Consider the importance of water baths as signs of transition in our own day. We bathe not just to be clean, but to prepare for the events ahead as we transition from one way of being to another. We wash up for dinner not for sanitary reasons only, but also to be presentable at the table. We bathe after leaving our daily routine so that we can be presented afresh at an important event. Last summer we spent a week rafting on a river. We looked pretty rough by the time we got home. We bathed not just to get clean, but to be ready to reenter the community of professionals. Many of the homeless with whom I once worked desired showers and clean clothes not just to be clean, but to be seen as worthy of fitting into the society from which they had been excluded.
Given all of that, I’m inclined to think of John’s baptism of repentance for the forgiveness of sin as symbolizing a transition from a way of life outside the law to a new way of life according to the spirit of the law. Within that context, Jesus’ own baptism was not for the forgiveness of some immorality or misbehavior, but as a sign of turning from his former life of (apparently) rural contagion to his new life as God’s messiah. The earliest records of Christian baptism involve entire households, which I presume to mean everyone from slaves and infants to the oldest patriarchs and matriarchs, as a sign that the household in its entirety had entered into a new way of life.
We say that baptism is a sacrament, something beyond sign or symbol, because God is truly present in the act of baptism doing something that we cannot do for ourselves. How does that work? I don’t know, but my friend Ernie says “not very well,” by which he means that parents and Godparents of infants are often unprepared for what that will mean for them. He’s right. However, what God has said God will do, God will do, and therefore I take Christian baptism to be sacramental in every sense of the word, even if I don’t understand it, and it doesn’t appear to work very well.
In like manner, I wonder how many of John’s baptized went away rejoicing in their new found legitimacy before God only to resume a life filled with old ways that betrayed their good intentions? Well, it wasn’t magic. John wasn’t changing frogs into princes with a dousing of magical water. It was about the beginning of a new life, a birthing as it were, a new life to be entered as infants, not as full grown adults. That’s the way with water baths. They open a door into a new life, but they don’t give us that new life. That’s even true when I wash up to go out for the evening.
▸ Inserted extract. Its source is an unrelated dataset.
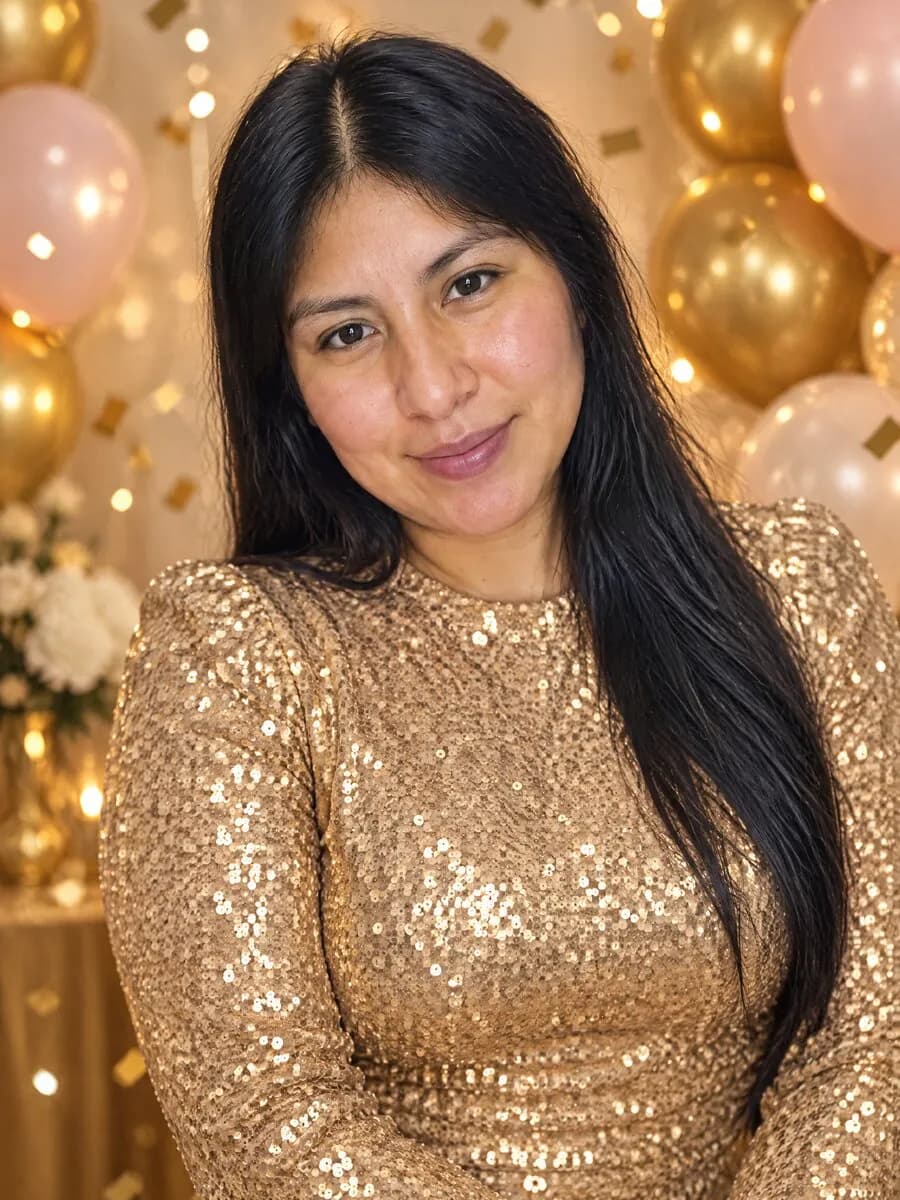 Sesión de fotos cumpleaños: mujer con vestido de fiesta, globos dorados y confeti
I’m ready to go out, but I haven’t gone out yet; the evening is yet to be experienced.
The sacramental water bath of Christian baptism is like that. It is a very real spiritual rebirth into a new life that may, or may not, mature into fullness of spiritual adulthood. In the end, one is still marked as Christ’s own forever, even if one lives out their life as an irresponsible five year old. That, of course, appears very unfair to those of us who work hard to become spiritually mature. The best I can do is to refer you to the parable of the workers in the field who were all paid the same no matter how long or hard they worked. Which is not the same thing as saying that baptism gives one a license to be a life long slacker, but you already know that.